▼

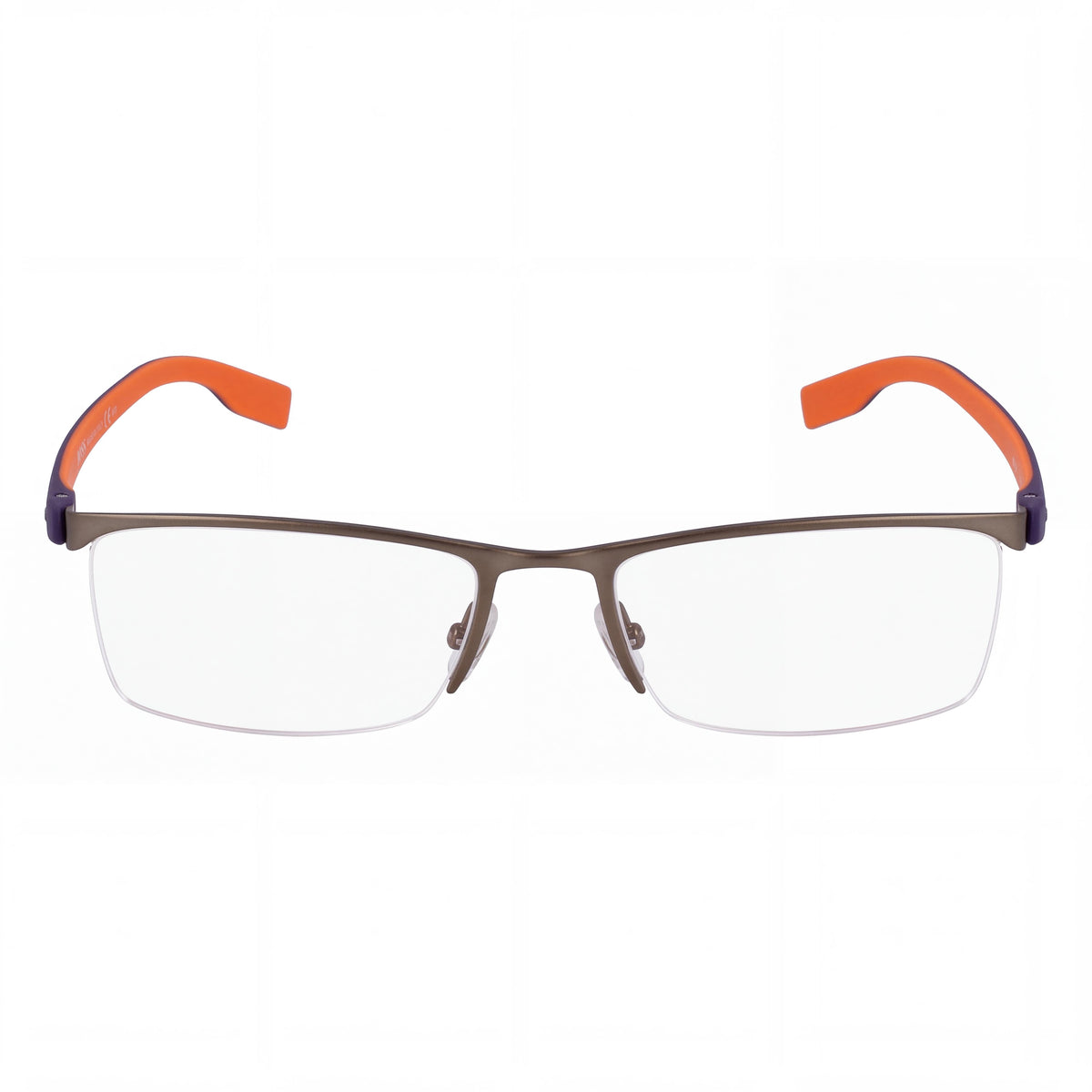Gafas graduadas Hugo Boss 102382 0610/N unisex de metal, color gris mate/azul, forma rectangular, sin policarbonato, 55 mm, Photo 2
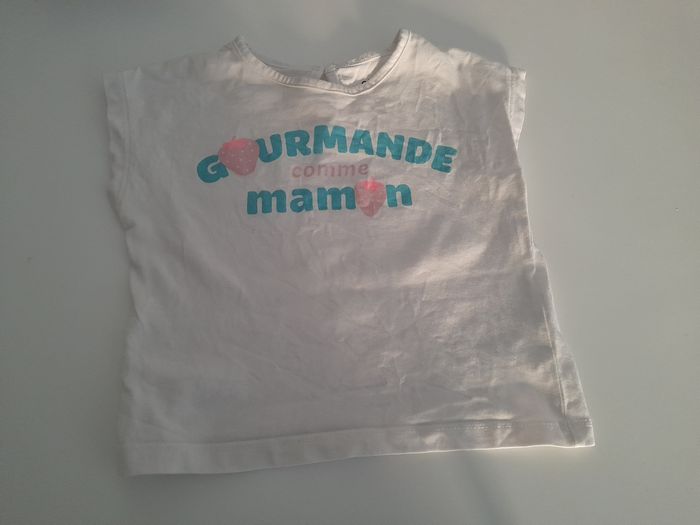 Tee shirt fille 18 mois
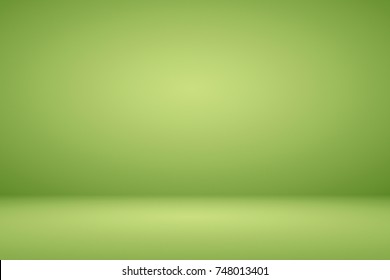 Abstract Lime Green Gradient Background Empty Space Room Studio For Display Product Ad Poster Website Template Wallpaper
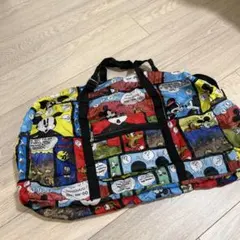 Disney ミッキーマウス コミック柄 折りたたみバッグのサムネイル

▲

:: What to produce ::
Keeping pictures out, repeat exactly the lines from the one containing "Abstract Lime Green" through the end of the listing.

:: Problem solution ::
 Abstract Lime Green Gradient Background Empty Space Room Studio For Display Product Ad Poster Website Template Wallpaper
 Disney ミッキーマウス コミック柄 折りたたみバッグのサムネイル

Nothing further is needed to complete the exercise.